Par ailleurs, la confirmation peut être tacite et s'induire d'actes qui manifestent sans équivoque la volonté du copartageant lésé de purger le partage du vice dont il est infecté. La confirmation tacite résulte de l'exécution volontaire et consciente de la convention sujette à une action en nullité ou en rescision. En effet, le deuxième alinéa de l'article 1338 du Code civil dispose qu’ à défaut d'acte de confirmation ou de ratification, il suffit que l'obligation soit exécutée volontairement après l'époque à laquelle l'obligation pouvait être valablement confirmée.
5 La preuve est libre pour la confirmation tacite.
Pour que la confirmation tacite soit efficace, il faut que l'exécution ait été réalisée et ait eu lieu avec la connaissance du motif de nullité de l'acte, et l'intention de réparer le vice. Il importe donc de ne pas confondre les actes qui laissent seulement paraître, de la part du débiteur, l'intention d'exécuter l'obligation avec ceux réels d'exécution qui, seuls, comportent confirmation.

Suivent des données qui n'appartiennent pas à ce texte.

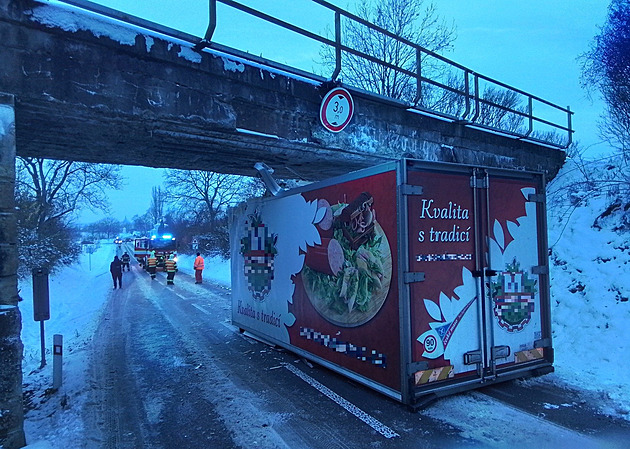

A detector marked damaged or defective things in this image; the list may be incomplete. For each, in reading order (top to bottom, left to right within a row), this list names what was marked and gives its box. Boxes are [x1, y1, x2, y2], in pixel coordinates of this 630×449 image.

damaged truck trailer [231, 159, 552, 408] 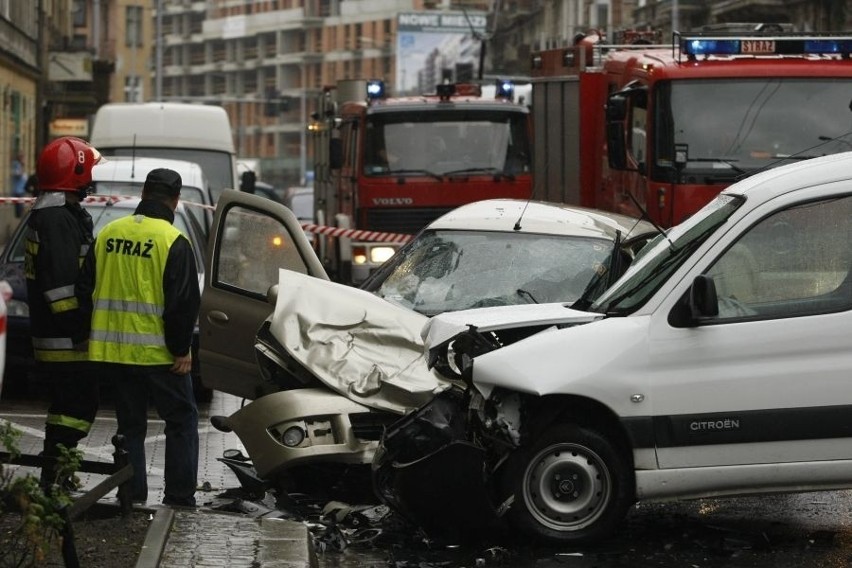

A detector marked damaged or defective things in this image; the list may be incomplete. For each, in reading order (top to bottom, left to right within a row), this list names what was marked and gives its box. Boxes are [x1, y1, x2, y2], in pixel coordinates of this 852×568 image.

crumpled metal hood [268, 268, 452, 414]
crumpled metal hood [422, 300, 604, 348] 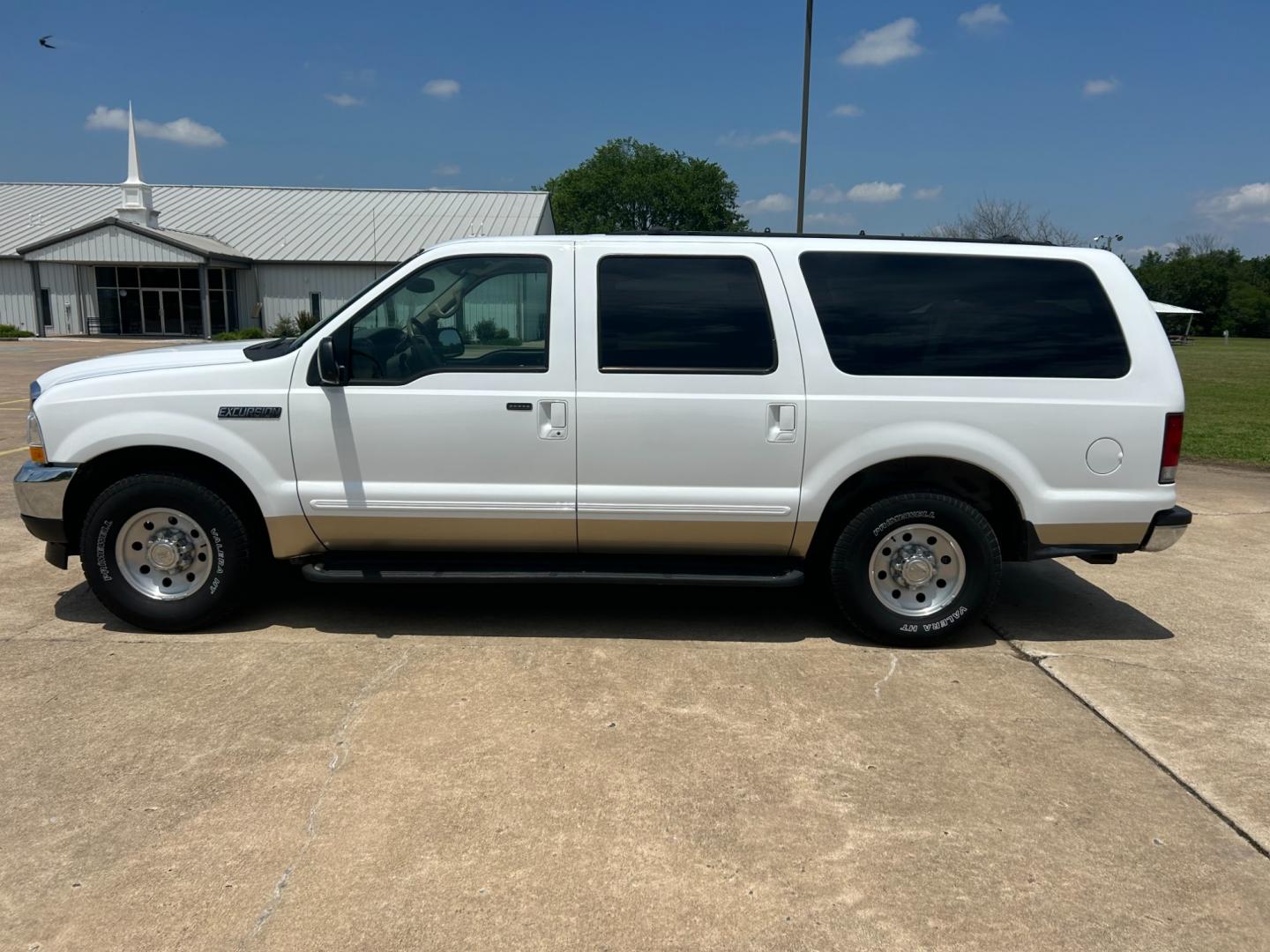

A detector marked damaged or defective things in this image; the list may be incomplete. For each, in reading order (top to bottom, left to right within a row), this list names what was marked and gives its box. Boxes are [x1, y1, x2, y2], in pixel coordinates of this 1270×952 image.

parking lot crack [240, 642, 415, 945] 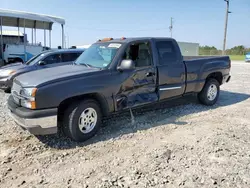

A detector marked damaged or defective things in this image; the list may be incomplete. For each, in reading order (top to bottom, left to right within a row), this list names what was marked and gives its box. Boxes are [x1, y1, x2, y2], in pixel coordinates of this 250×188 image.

damaged side panel [114, 67, 157, 111] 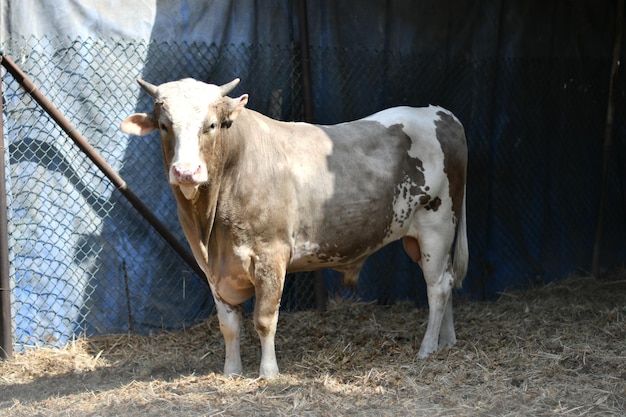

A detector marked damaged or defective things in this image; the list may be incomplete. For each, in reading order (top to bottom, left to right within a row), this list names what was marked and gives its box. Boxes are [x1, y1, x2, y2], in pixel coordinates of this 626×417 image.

rusty metal pole [0, 52, 205, 280] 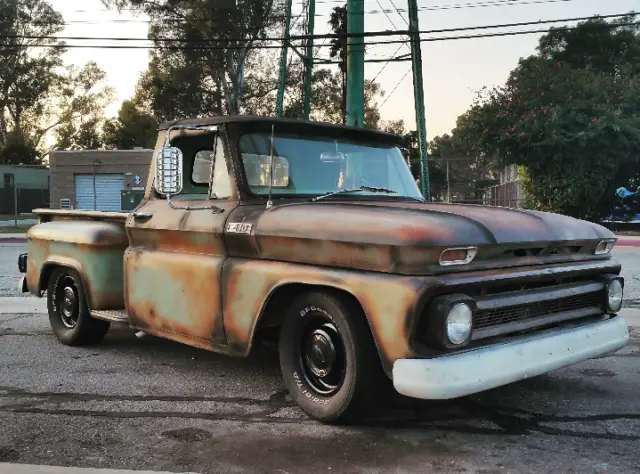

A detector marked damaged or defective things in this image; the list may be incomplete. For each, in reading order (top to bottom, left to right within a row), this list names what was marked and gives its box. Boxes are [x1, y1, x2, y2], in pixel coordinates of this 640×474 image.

rusty vintage truck [16, 116, 632, 424] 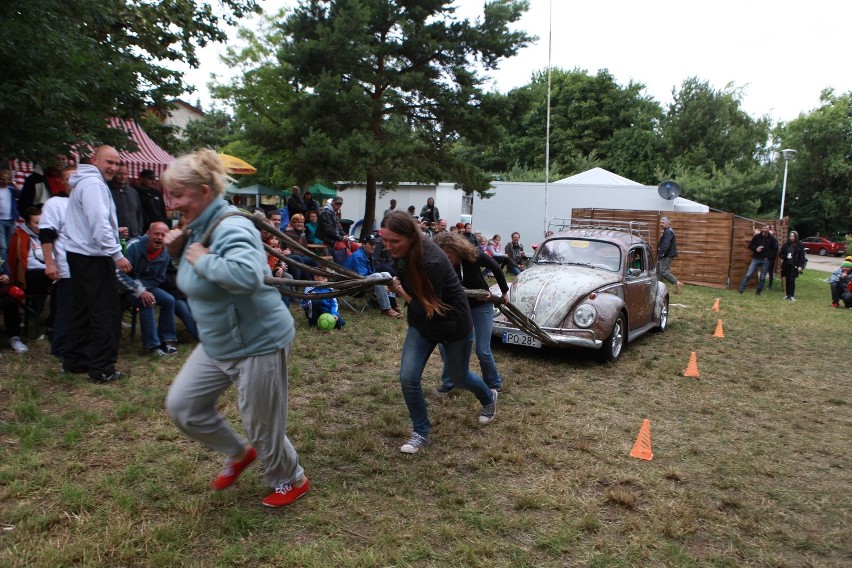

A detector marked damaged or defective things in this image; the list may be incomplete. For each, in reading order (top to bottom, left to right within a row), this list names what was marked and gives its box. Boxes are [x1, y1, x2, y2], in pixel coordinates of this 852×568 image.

rusty car hood [506, 266, 620, 326]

La renonciation à un droit ou une action ne peut pas se présumer, elle doit être certaine, expresse et non équivoque, ainsi la simple acceptation de percevoir une soulte ne présente pas les caractéristiques pour constituer en soi une renonciation valable au droit d'agir en contestation du partage litigieux.
La partie appelante ne fait preuve d’aucun acte postérieur valant confirmation tacite du partage lésionnaire dans le chef de l’intimé. Elle n’établit même pas la date du paiement de la soulte de 20.000 euros et elle n’invoque aucun acte d’exécution manifestant sans équivoque la volonté de l’intimé de renoncer à l’action en rescision.
En considération de ce développement , l’appel de A. est à déclarer non fondé et le jugement entrepris est à confirmer.
Faute par les parties en cause de justifier en quoi il serait inéquitable de laisser à leur charge des sommes par elles exposées et non comprises dans les dépens, leurs demandes sur base de l'article 240 du Nouveau Code de procédure civile sont à rejeter.
P a r c e s m o t i f s :
la Cour d'appel, première chambre, siégeant en matière civile, statuant contradictoirement, sur rapport du magistrat de la mise en état,
reçoit l’appel,
le dit non fondé,
partant confirme le jugement de première instance pour autant qu’il a été entrepris,
dit non fondées les demandes des parties respectives en allocation d’une indemnité de procédure,
condamne la partie appelante aux frais et dépens de l’instance d’appel.